Pressure is one of the most widely measured quantities in everyday life and is critical to processes from simply taking a breath to weather forecasting or flying an airplane. Yet the way we meausre pressure today is essentially unchanged since the 1640s, when Evangelista Torricelli invented the mercury barometer.

Indeed, primary pressure standards, as curated at the National Institute of Standards and Technology (NIST) and other national metrology institutes (NMIs), still deliver pressure measurements by reading a mercury column's height, along with liquid density and gravity. The instruments are large, heavy and complex, and mercury is neurotoxic. Although digital pressure transducers (which rely on changes in the resistance, capacitance or frequency of mechanically strained diaphragms) have replaced manometers for most applications in science and industry, they must be calibrated by a chain of traceability to a mercury manometer.

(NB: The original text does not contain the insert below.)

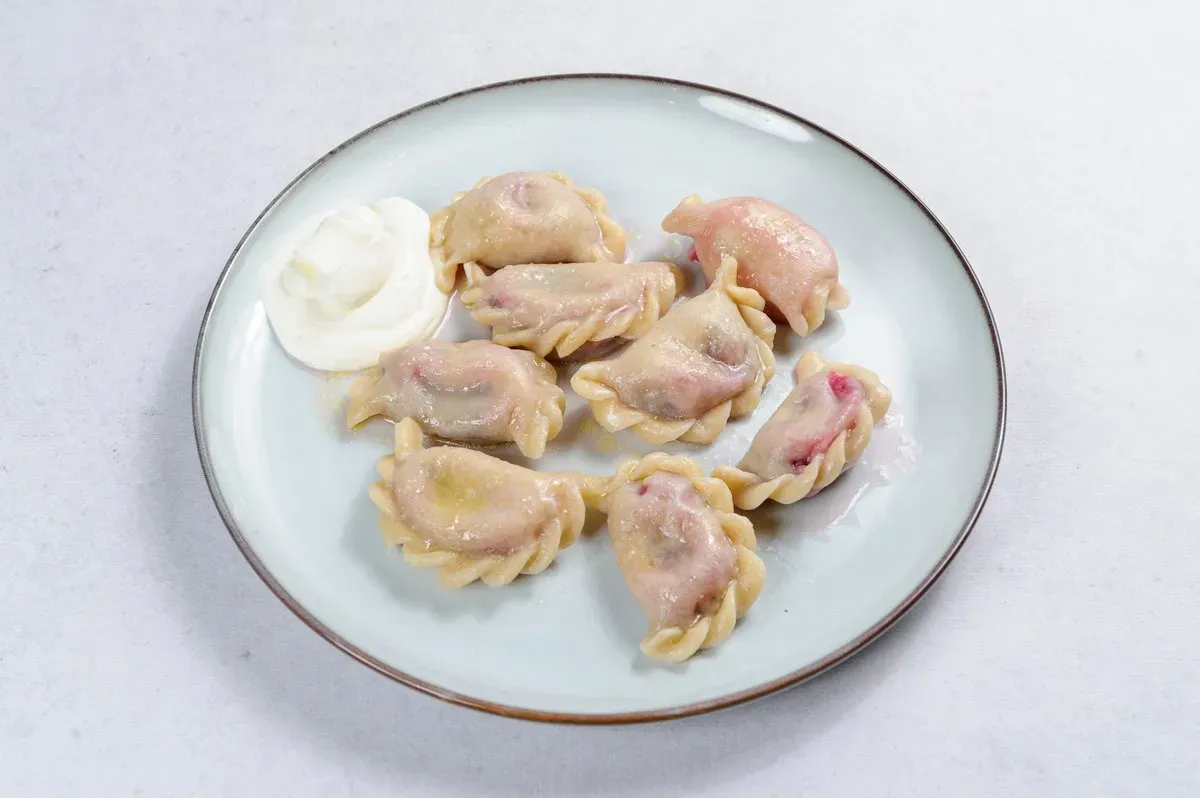 Pierogi z wiśniami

This situation will change on 20 May 2019 with the impending redefinition of the International System of Units (SI), when each of the seven base units will be tied to the exact value of a particular fundamental physical constant.

In that context, if a new technique for realizing a unit relies on a quantum property, theoretical calculation or invariant of nature, then that technique could itself serve as a primary standard with direct traceability to the SI. It would not need calibration, and would serve as both a sensor and a standard. This will be the case for the new pressure standard being developed by a team at NIST (Patrick Egan, Jacob Ricker, Jack Stone, Greg Scace, Kevin O. Douglass, Greg Strouse and me).

Credit: IMAGE BY NIST

Pressure is the amount of force per unit area, and hence the pascal (Pa) — the SI unit of pressure — is 1 newton per square meter (N m−2). But pressure can also be expressed as the amount of energy per unit volume (J m−3), because the SI unit of energy, the joule (J), is defined as 1 newton meter.

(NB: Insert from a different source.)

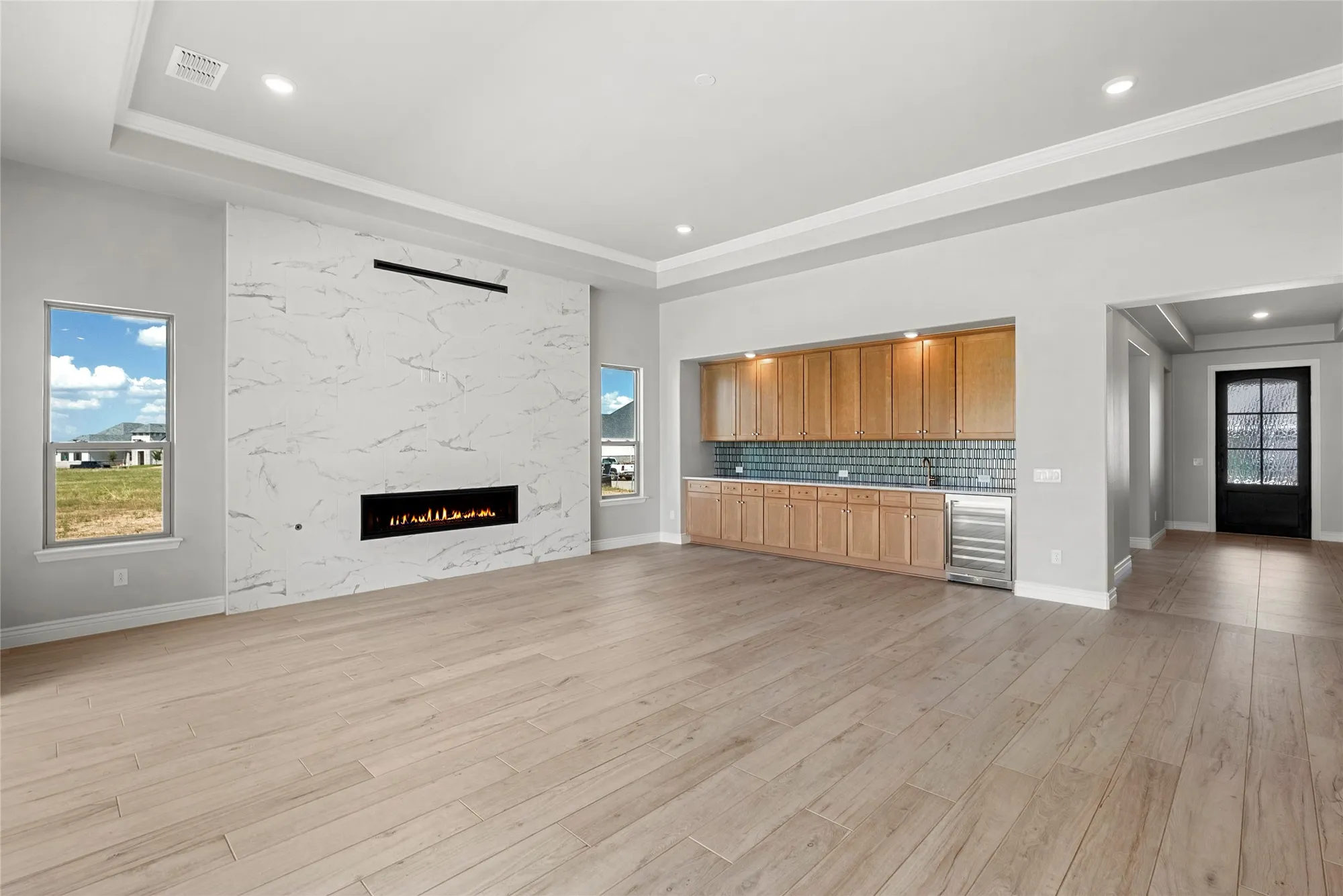 Property Slideshow image 2 of 12 | 10212 winslow dr, Denton, TX, 76207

The equivalence of pressure p and energy density provides an alternative measurement method. For an ideal gas, the relation p = (N/V)kBT holds (the ideal-gas law), where N is the number of particles occupying volume V, kB is the Boltzmann constant and T is the temperature. The number density N/V of a gas can be obtained via gas refractivity; the equation for pressure then becomes p (n − 1)kBT, where n is the refractive index of the gas.

Researchers realized that first-principles calculations of the refractive index of helium could be a new route to realizing the pascal. The NIST team worked with the University of Delaware to determine a high-quality theoretical value based on quantum-chemical calculations1. This way, any measurement of the refractive index of helium can be a primary measurement of pressure and the pascal need no longer be defined by a mercury manometer.

The NIST team designed, built and tested a fixed-length optical cavity (FLOC, pictured) for making precise determinations of the refractive index. The FLOC consists of a pair of Fabry–Pérot cavities within a single block of ultralow-expansion glass. The top cavity is filled with gas; the lower is maintained at vacuum. The change in path length between the two cavities depends on the gas's refractive index, density, and atomic or molecular properties. Helium's atomic properties were calculated from first principles, so the refractivity measurement leads to a determination of density, which provides a determination of pressure.

The FLOC further enabled us to determine nitrogen's refractive index with a precision of 1×10−6 at atmospheric pressure2, exceeding the performance of mercury manometers3. The NIST team also used helium's theoretical refractive index to make an independent measurement of the Boltzmann constant4. The FLOC has smaller uncertainties than a mercury manometer at low pressures and will achieve parts-per-million uncertainties at pressures above the range of manometers.

The NIST team is currently working on a next-generation variable-length optical cavity to enable experimental measurements of nitrogen's refractive index independent of the mercury manometer. By combining this measurement with the theoretically obtained value for helium, the FLOC provides a new way of realizing and disseminating pressure.

The world metrology community is now moving toward the quantum realization of the pascal, and other NMIs are joining the search for primary methods of pressure realization by optical techniques5. Continued progress will not only make all quantum-based pressure realizations and measurements directly traceable to the SI, but will finally end the four-century-long dominance of mercury in pressure metrology.